• [What to do] Write out all the entries word for word and omit any pictures.

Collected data
++++++++
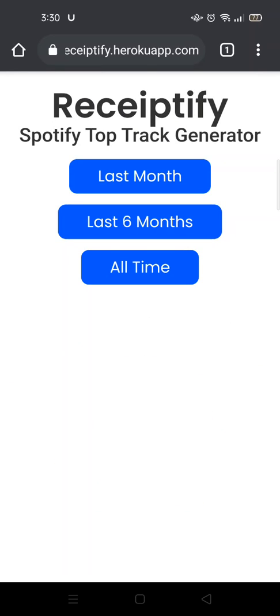Now you'll see the website, the Receiptify Spotify Top Track Generator. Here are three options: Last Month, Last 6 Months, and All Time. You can pick one of the options to look at your top tracks for last month, last six months, or all time.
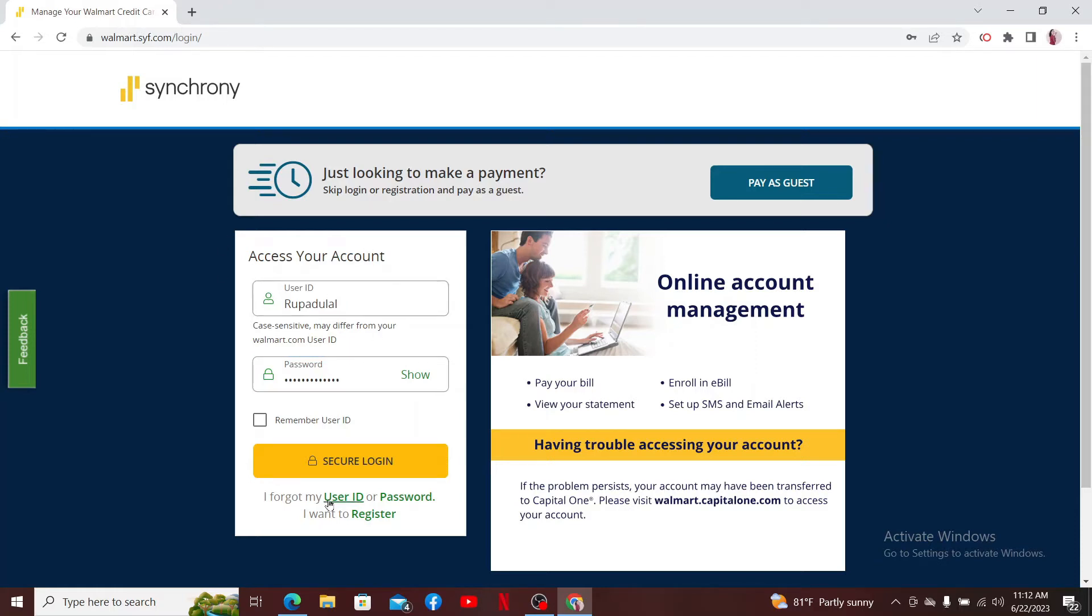click on 'I forgot my User ID or Password' and follow through the on-screen prompts till the end.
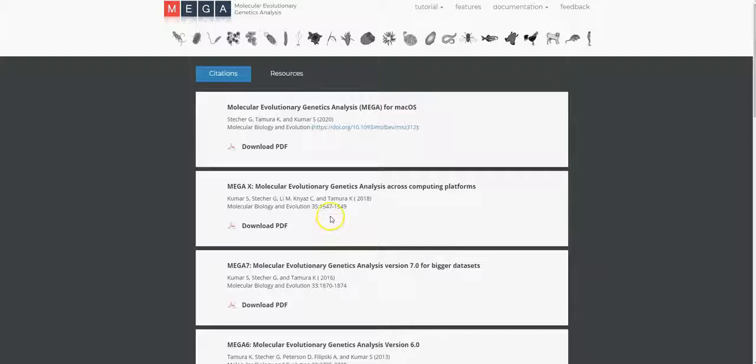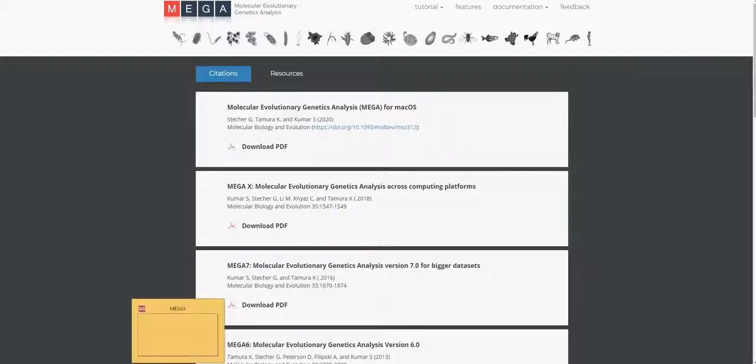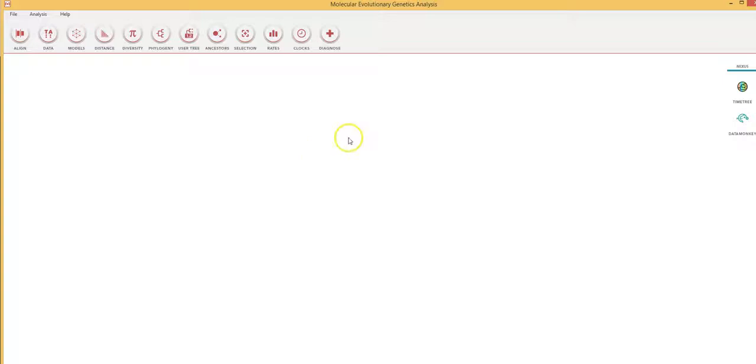Let's go straight to the software itself. The software can be downloaded and installed onto your Mac or Windows PCs.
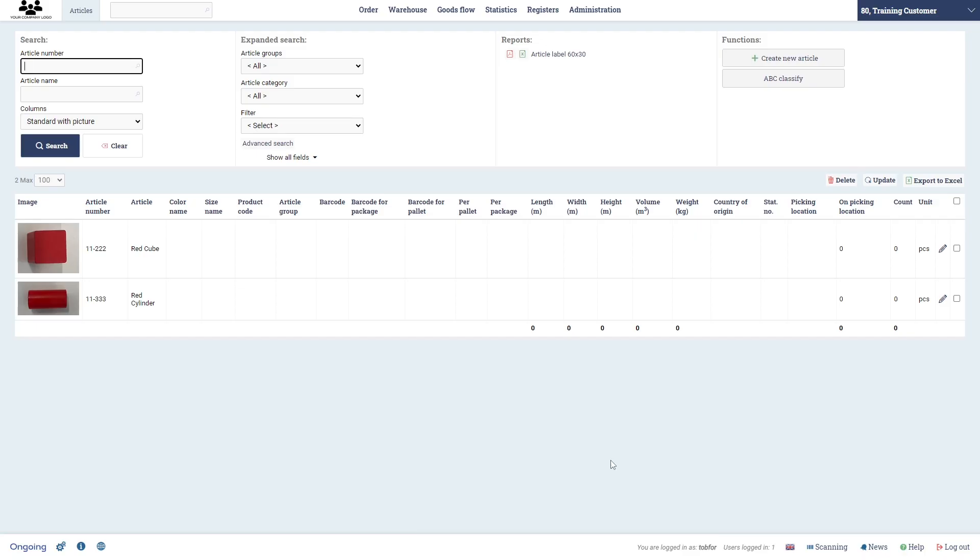So in this video I will show you how to receive goods with and without a purchase order, and then I will show you how to move the goods and also show you a little bit on the warehouse map and the goods transactions finally.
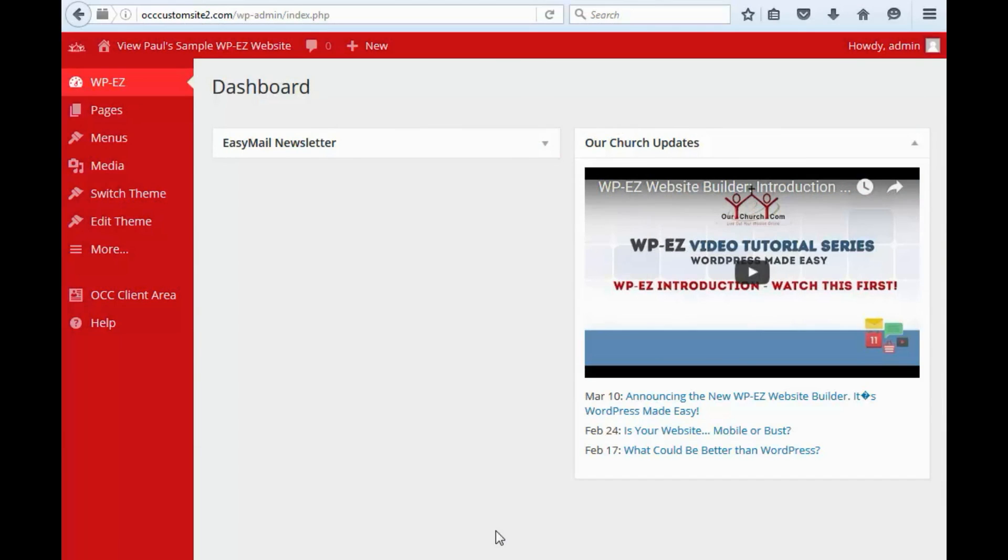Hi, and thanks for using OurChurch.com's WPEZ Website Builder. It's WordPress Made Easy. In this video, I'm going to show you how to add and manage pages on your website.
++++++++
• [Exercise output]
Now you'll see the website, the Receiptify Spotify Top Track Generator. Here are three options: Last Month, Last 6 Months, and All Time. You can pick one of the options to look at your top tracks for last month, last six months, or all time.
click on 'I forgot my User ID or Password' and follow through the on-screen prompts till the end.
Let's go straight to the software itself. The software can be downloaded and installed onto your Mac or Windows PCs.
So in this video I will show you how to receive goods with and without a purchase order, and then I will show you how to move the goods and also show you a little bit on the warehouse map and the goods transactions finally.
Hi, and thanks for using OurChurch.com's WPEZ Website Builder. It's WordPress Made Easy. In this video, I'm going to show you how to add and manage pages on your website.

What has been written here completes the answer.